_About this task_
Take the data below. Output it exactly from its first line through the line containing "Carolina Inn Of".

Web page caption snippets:
# # # # # # #
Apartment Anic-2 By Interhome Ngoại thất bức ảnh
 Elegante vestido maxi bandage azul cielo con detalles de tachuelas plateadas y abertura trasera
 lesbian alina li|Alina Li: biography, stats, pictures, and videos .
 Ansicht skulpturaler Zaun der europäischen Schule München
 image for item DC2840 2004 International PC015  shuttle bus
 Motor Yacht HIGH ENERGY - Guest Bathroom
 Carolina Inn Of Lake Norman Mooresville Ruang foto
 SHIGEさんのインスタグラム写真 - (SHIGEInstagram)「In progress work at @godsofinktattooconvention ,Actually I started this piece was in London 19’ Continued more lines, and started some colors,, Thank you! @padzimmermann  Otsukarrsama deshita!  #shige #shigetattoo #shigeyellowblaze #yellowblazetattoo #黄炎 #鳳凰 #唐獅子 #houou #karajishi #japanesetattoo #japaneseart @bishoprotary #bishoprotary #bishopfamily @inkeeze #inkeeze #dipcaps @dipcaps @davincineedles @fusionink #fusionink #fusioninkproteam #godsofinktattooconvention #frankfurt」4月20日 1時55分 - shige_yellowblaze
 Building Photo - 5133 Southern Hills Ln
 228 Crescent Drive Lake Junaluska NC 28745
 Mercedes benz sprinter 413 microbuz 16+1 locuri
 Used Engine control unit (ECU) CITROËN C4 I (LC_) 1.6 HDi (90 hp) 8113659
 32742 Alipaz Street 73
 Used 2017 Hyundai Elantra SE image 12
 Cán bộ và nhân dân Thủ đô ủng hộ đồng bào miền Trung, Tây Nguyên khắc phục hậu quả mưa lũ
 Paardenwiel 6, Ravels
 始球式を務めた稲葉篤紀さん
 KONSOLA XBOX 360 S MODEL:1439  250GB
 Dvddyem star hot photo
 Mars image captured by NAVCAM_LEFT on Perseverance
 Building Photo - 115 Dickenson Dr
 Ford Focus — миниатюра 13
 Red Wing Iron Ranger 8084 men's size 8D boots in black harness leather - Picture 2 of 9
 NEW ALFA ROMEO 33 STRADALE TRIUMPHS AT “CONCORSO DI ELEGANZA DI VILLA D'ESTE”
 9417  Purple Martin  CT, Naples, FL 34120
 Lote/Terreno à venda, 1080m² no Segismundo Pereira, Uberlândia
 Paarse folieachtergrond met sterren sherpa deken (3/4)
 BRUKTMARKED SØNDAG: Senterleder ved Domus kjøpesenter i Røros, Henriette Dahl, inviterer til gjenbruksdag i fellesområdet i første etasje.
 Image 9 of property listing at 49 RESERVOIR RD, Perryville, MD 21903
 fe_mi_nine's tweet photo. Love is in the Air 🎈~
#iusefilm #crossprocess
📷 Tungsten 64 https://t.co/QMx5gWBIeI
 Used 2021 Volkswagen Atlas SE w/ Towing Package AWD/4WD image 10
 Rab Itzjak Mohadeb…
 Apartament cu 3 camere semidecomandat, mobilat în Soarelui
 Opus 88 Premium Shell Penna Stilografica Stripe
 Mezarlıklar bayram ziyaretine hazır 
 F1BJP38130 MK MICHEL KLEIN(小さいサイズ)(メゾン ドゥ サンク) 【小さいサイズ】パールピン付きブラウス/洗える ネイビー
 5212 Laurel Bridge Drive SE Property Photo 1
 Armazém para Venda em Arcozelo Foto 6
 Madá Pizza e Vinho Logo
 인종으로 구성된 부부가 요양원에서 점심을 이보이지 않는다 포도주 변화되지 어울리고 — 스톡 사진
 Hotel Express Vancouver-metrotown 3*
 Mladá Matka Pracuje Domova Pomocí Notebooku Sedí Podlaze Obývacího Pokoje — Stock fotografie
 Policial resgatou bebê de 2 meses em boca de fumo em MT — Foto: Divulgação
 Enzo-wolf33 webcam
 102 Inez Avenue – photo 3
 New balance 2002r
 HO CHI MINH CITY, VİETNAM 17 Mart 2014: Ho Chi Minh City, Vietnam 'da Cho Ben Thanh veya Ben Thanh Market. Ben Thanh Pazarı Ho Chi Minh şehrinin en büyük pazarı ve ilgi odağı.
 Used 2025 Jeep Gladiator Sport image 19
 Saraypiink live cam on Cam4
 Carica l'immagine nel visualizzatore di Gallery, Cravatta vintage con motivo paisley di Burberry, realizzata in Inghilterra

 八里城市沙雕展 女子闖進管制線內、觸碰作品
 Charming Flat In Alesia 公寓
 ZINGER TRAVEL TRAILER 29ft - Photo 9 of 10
# # # # # # #
_Result below_
Apartment Anic-2 By Interhome Ngoại thất bức ảnh
 Elegante vestido maxi bandage azul cielo con detalles de tachuelas plateadas y abertura trasera
 lesbian alina li|Alina Li: biography, stats, pictures, and videos .
 Ansicht skulpturaler Zaun der europäischen Schule München
 image for item DC2840 2004 International PC015  shuttle bus
 Motor Yacht HIGH ENERGY - Guest Bathroom
 Carolina Inn Of Lake Norman Mooresville Ruang foto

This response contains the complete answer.